Jack Bowen
- Born: 30 December 2003 (age 22) Sydney, New South Wales, Australia
- Height: 178 cm (5 ft 10 in)
- Weight: 90 kg (198 lb; 14 st 2 lb)
- School: Saint Ignatius' College, Riverview
- Notable relatives: Scott Bowen (father); Tony Roche (grandfather);

Rugby union career
- Position: Fly-half
- Current team: Sagamihara DynaBoars (on loan from Leicester Tigers)

Youth career
- 2018–2022: Waratahs Academy

Amateur team(s)
- Years: Team / Apps / (Points)
- 2024–2026: Eastern Suburbs

Senior career
- Years: Team / Apps / (Points)
- 2023–2026: Waratahs / 17 / (44)
- 2026–: Leicester Tigers / 0 / (0)
- 2026–: → Sagamihara DynaBoars (loan) / 0 / (0)
- Correct as of 11 August 2026

International career
- Years: Team / Apps / (Points)
- 2023: Australia U20 / 6 / (54)
- Correct as of 11 August 2026

= Jack Bowen (rugby union) =

Australian rugby union player

Jack Bowen (born 30 December 2003) is an Australian rugby union player plays as a fly-half for Japan Rugby League One club Sagamihara DynaBoars, on loan from Premiership club Leicester Tigers.

==Early career==
Bowen was born in Sydney, New South Wales, Australia in 2003 to Scott Bowen, a former Australian Test player, and Wallaby No. 706.

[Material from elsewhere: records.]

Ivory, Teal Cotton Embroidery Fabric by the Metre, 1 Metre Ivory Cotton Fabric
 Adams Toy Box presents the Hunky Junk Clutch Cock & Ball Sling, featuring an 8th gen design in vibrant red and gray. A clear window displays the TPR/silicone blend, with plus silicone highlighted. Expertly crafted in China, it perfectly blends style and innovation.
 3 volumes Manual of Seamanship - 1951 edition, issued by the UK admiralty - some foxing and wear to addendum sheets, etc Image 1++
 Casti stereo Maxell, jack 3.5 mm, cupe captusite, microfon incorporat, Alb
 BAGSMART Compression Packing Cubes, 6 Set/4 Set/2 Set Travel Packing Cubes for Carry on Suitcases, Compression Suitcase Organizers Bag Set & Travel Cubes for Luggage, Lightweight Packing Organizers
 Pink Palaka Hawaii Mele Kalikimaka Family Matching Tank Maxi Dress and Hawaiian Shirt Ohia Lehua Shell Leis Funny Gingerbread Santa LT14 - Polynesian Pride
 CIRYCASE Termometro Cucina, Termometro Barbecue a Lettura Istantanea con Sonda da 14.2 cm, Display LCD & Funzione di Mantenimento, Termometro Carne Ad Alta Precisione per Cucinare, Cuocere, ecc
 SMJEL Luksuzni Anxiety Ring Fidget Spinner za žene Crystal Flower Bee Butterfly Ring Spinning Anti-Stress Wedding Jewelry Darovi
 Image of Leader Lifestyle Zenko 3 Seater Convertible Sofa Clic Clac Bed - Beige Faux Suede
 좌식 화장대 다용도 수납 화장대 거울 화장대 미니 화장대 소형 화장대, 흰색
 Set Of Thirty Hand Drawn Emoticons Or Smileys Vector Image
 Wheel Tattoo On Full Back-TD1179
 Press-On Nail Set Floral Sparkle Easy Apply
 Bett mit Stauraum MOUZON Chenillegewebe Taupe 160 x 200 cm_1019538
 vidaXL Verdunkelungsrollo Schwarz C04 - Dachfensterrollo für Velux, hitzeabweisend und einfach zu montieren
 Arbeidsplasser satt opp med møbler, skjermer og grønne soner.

He began his junior rugby with the Mosman Whales, alongside Teddy Wilson and Henry O'Donnell, while playing junior reps for Northern Suburbs, including winning the U15 State Championships in 2018. Bowen attended Saint Ignatius' College, Riverview. He came through the Waratahs academy and plays his club rugby for Eastern Suburbs, alongside Teddy Wilson. The two started together in the halfbacks for the 2024 Shute Shield final, where Easts defeated Norths 36–35. He was a member of the Australia U20 side throughout 2022 and 2023, making a total of seven caps for the team in the Oceania Rugby U20 Championship and the World Rugby U20 Championship, respectively.

==Career==
===Waratahs===
Bowen had joined the Waratahs Academy, known as Gen Blue, when he was 14-years-old. Ahead of the 2023 Super Rugby Pacific season Bowen was named in the senior squad. He made his debut in round nine of the season against the , kicking a conversion. During the off-season, Bowen played club rugby for the Eastern Suburbs in the Shute Shield, alongside teammate Teddy Wilson, and the Australia U20s team.

He was named in the squad for the 2024 season, although played just three games across the season, scoring one try and holding an 80% goal kicking rate from the tee, missing a crucial 79th minute penalty goal against the Waratahs' rivals to lose by one point.

Bowen played eight games across the 2025 season for the Waratahs, averaging 20 minutes per game. He scored 13 points across the season, including all six of the Waratahs' points in their final game of the season against the in round sixteen. He Also started for the Waratahs against the British And Irish Lions at Allianz stadium in front of a packed out crowd. The following season, Bowen started at fly-half for the Waratahs for the third time in as many years in their round fourteen matchup against the Fijian Drua. It was revealed that he had been overcoming a pelvic injury (osteitis pubis) since December 2024. He subsequently started for the Waratahs in their following match against the ACT Brumbies, where his flatter play, line attack, and pin-point passing was noted for creating chances and breaking the oppositions defence. Overall, Bowen scored sixteen points in total in 2026. The Waratahs, however, failed to make finals again for a third straight season.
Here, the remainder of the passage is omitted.